Once you’ve selected your WLCs, and the order of the AP Upgrade Groups, you will need to configure the file transfer for the Primary WLC Upgrade. Unfortunately, this does not employ the Image Repository within Prime Infrastructure, so you must manually select the server (which can be Prime), transfer type, and the filename.

I ran into a UI bug at this point, that will likely impact you, as well. The text field for the filename box is not large enough to contain the filename for pretty much any version of WLC code. You will notice this if you pay careful attention to the filename, after you paste it into the box. In my case, it stripped the extension off of the file:

As a result, you will need to rename the file to something shorter than the default name. (Pay no attention to the fact that the failed file name was for a 2504, and the new filename is for a 3504. This is because I took screen shots during different attempts at this process.)

You can see the shorter filename above, which also includes the file extension. If you don’t rename the file, you will get a very non-intuitive error in the job dashboard, which I will be shown in a later step.
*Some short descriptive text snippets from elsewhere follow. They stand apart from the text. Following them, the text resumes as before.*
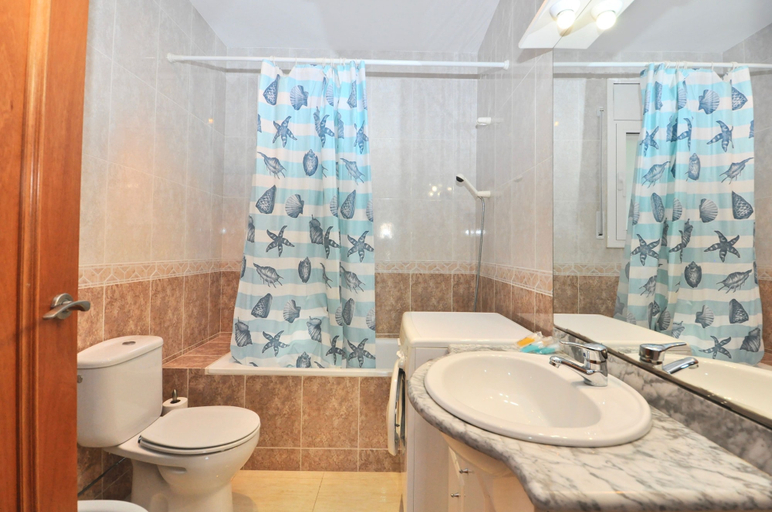 Bathroom 4, Villa Genova, Girona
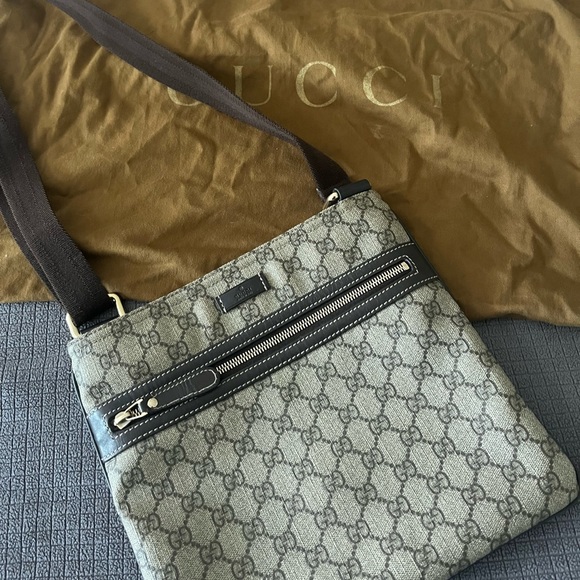 Gucci canvas messenger bag. Used. - Picture 6 of 8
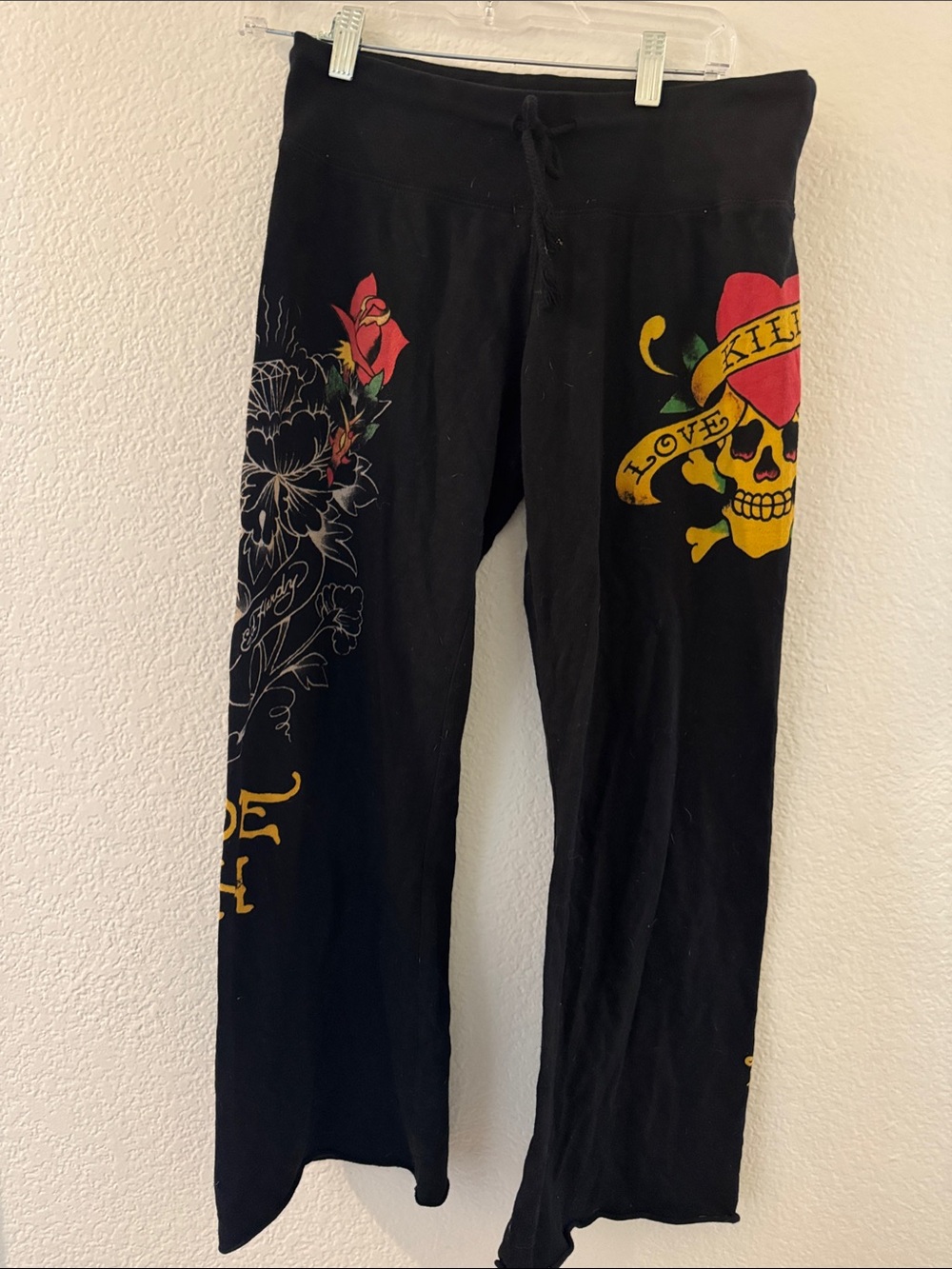 Black Graphic Men’s Lounge Pants with Skull & Rose Print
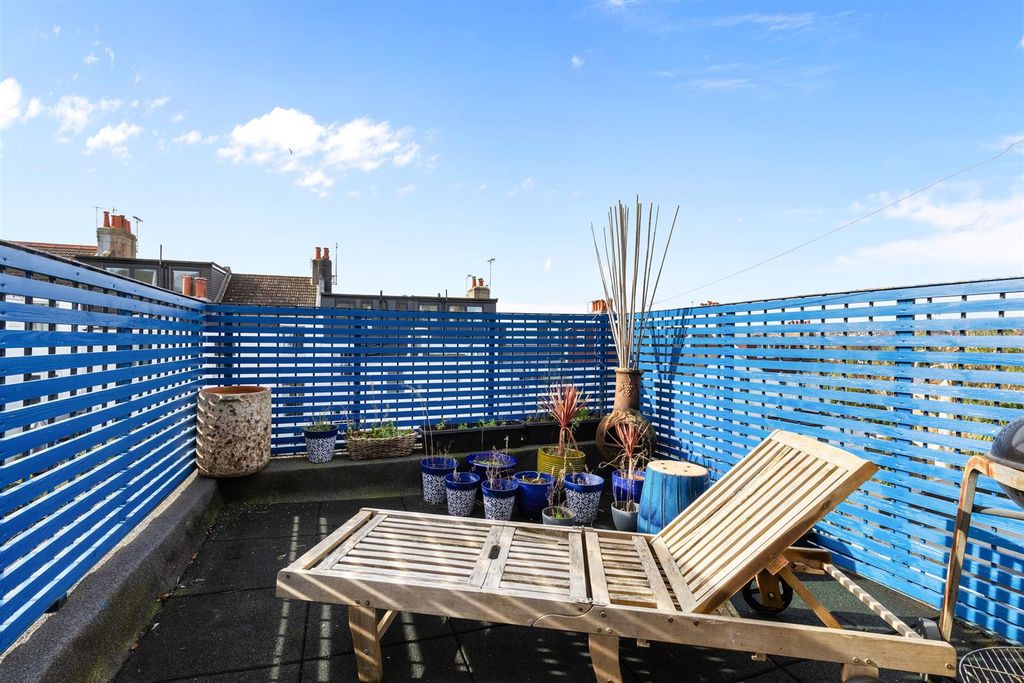 Property photo 3 of 10 Sandown Road-9.Jpg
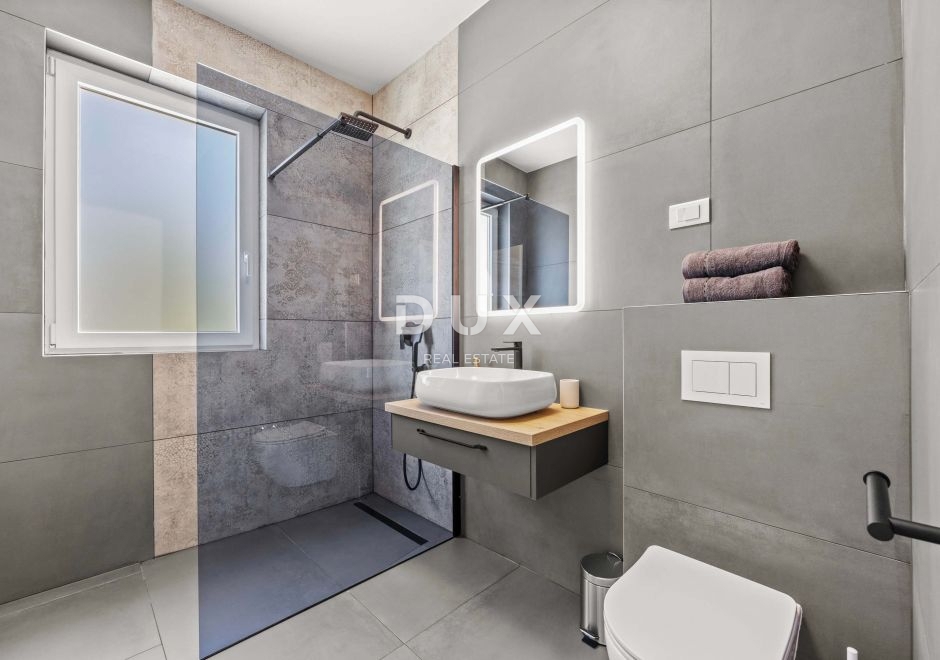 ISTRIA, SVETVINČENAT – Villa moderna con piscina riscaldata, impianto solare e privacy assoluta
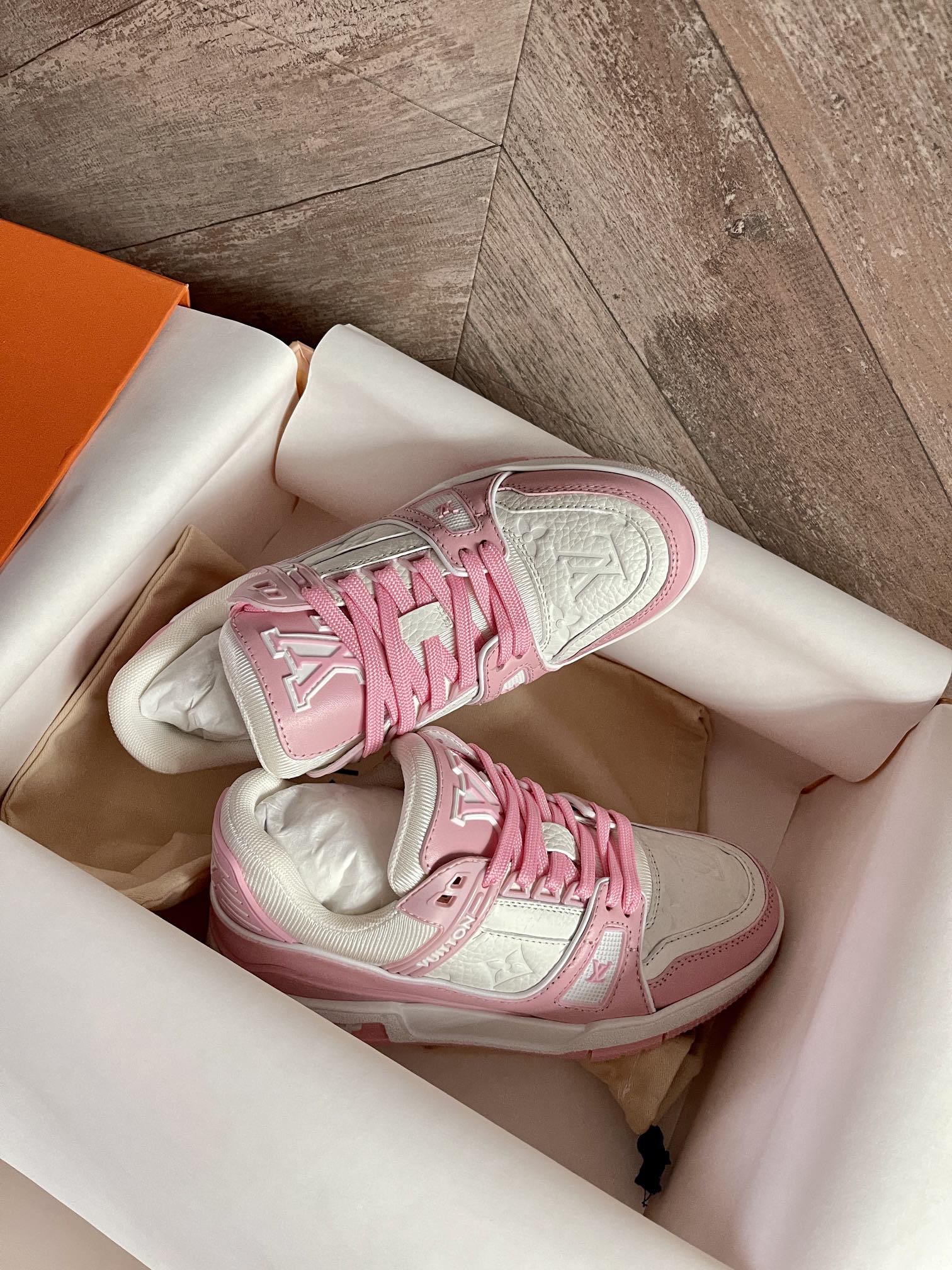 Louis Vuitton LV Trainer Grained Leather Sneaker Pink Rose 1AGZCF - Image 5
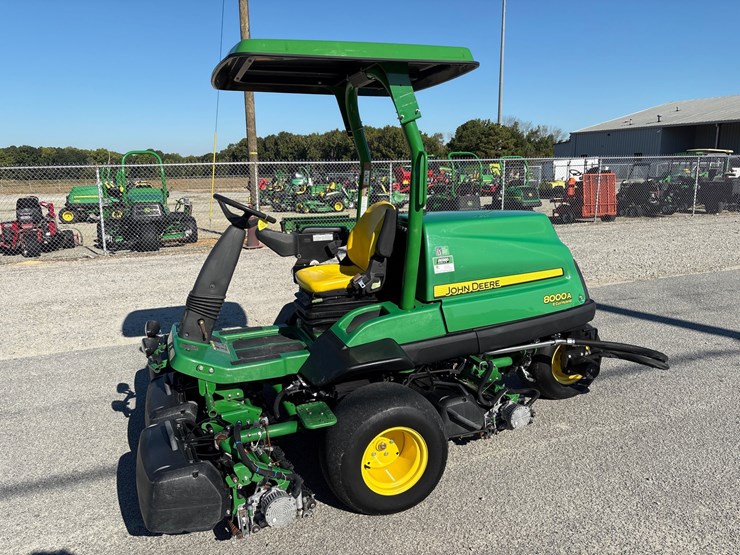 john-deere-8000a-image-1
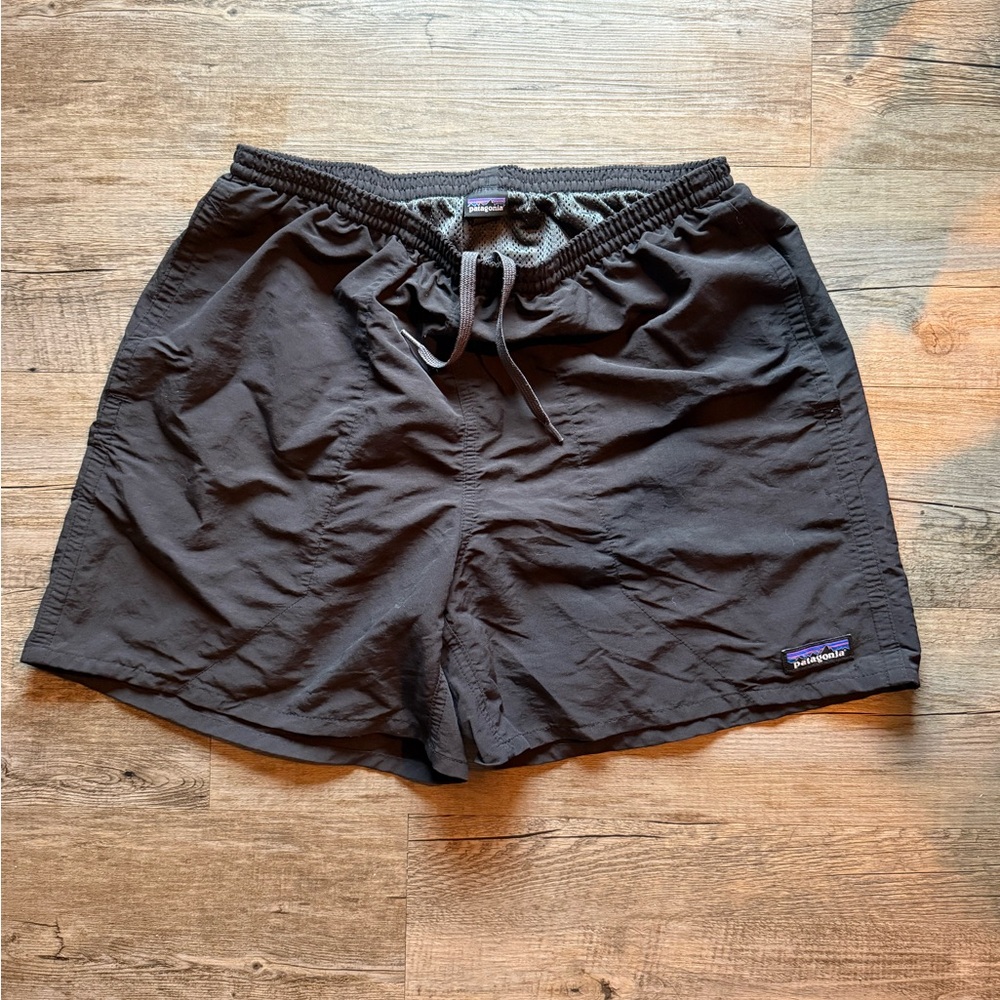 Patagonia Medium Black Shorts With Grey Mesh Liner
Click Submit, and your job will begin.

Step 6 – Monitor the Job in the Job Dashboard

Now that your job has been submitted, you should monitor its progress. To do this, you need to visit the Job Dashboard, by clicking the top-left menu, then Administration > Job Dashboard

In the Job Dashboard, you should see your newly created job. Initially, it will say “Scheduled,” but will soon transition to a “Running” state.

Click on the job name to see the detailed status. Here I will first show you what it looks like when the job fails, due to the filename bug I wrote about in Step 5:

Notice that the job has failed while downloading the image to the WLC. Unfortunately, there is no further detail on the failure, and it can be quite confusing as to the cause, if you didn’t realize the text box stripped the end of the filename. If you check the Message Log on the WLC, you may see the following error (which is also very unintuitive):

TransferTask: Dec 15 18:57:16.854: %INIT-3-ER_IMAGE_VERSION: bootos.c:943 Upgraded ER image required to show version. For information regarding Emergency image Version,Please refer Controller documents.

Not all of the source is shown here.